--- Exercise ---
Your output should be the lines from the one containing "日本地震幸存者与没有自来水的不卫生环境作斗争" through the end of the listing, exact and inclusive, with no pictures.

== Segment start ==

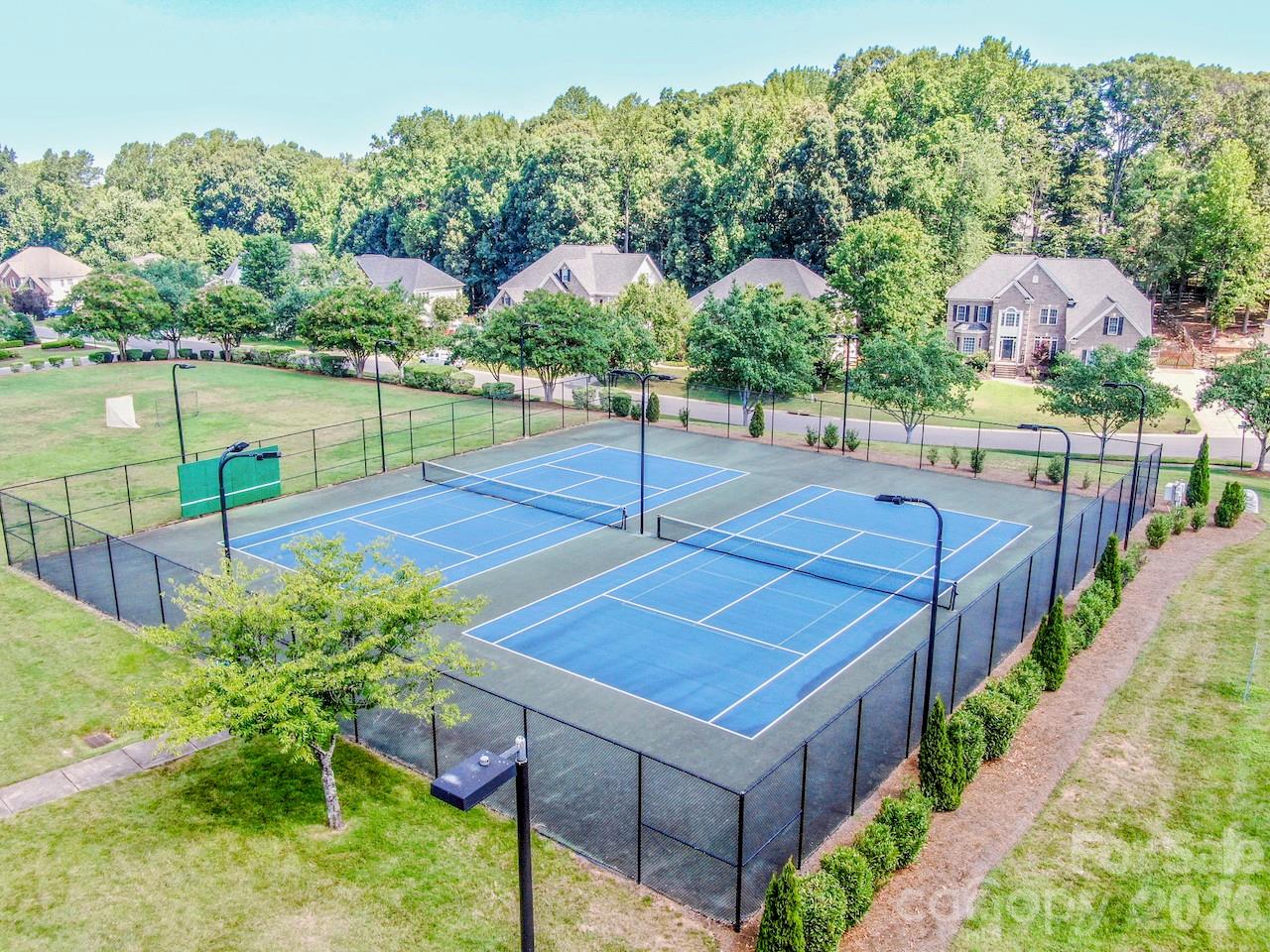 121 Crimson Orchard Drive — Mooresville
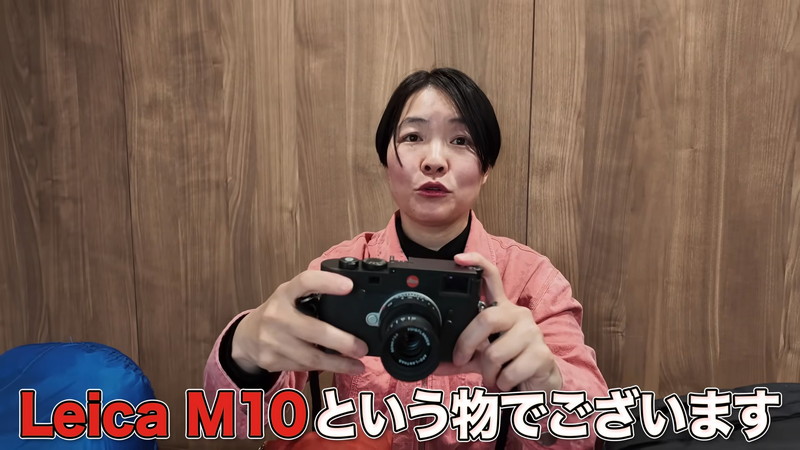 イモトアヤコ、鞄の中身を紹介の画像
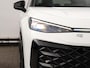 Volkswagen T-Roc R-Line First Edition 1.5 eTSI 150 PK DSG | Panoramadak| Trekhaak | Elek. achterklep | Stuur & Stoelverwarming | IQ.Light | Black Style |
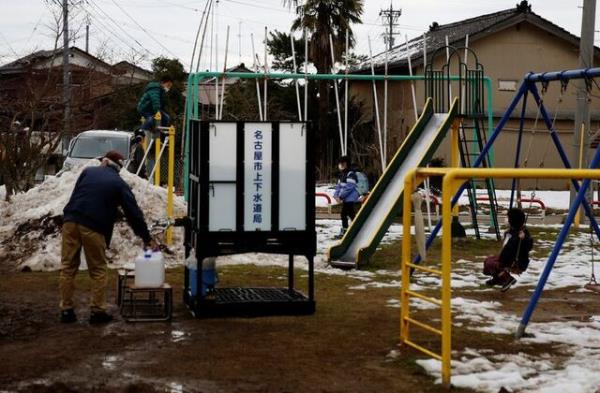 日本地震幸存者与没有自来水的不卫生环境作斗争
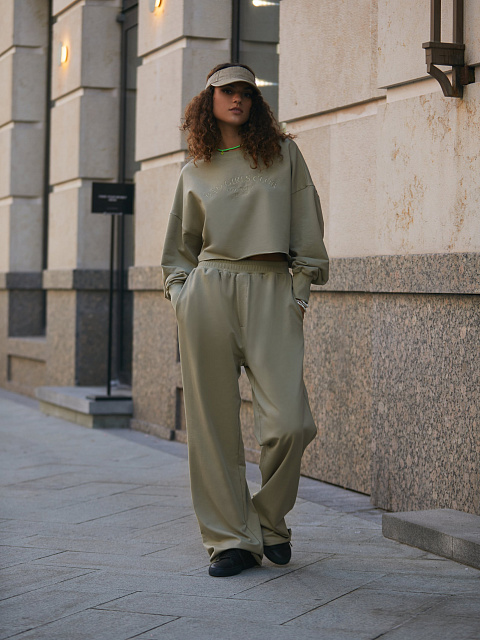 Зеленый козырек из денима с вышивкой, 7 Зеленый козырек из денима с вышивкой, 7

== Segment end ==

--- Response ---
 日本地震幸存者与没有自来水的不卫生环境作斗争
 Зеленый козырек из денима с вышивкой, 7 Зеленый козырек из денима с вышивкой, 7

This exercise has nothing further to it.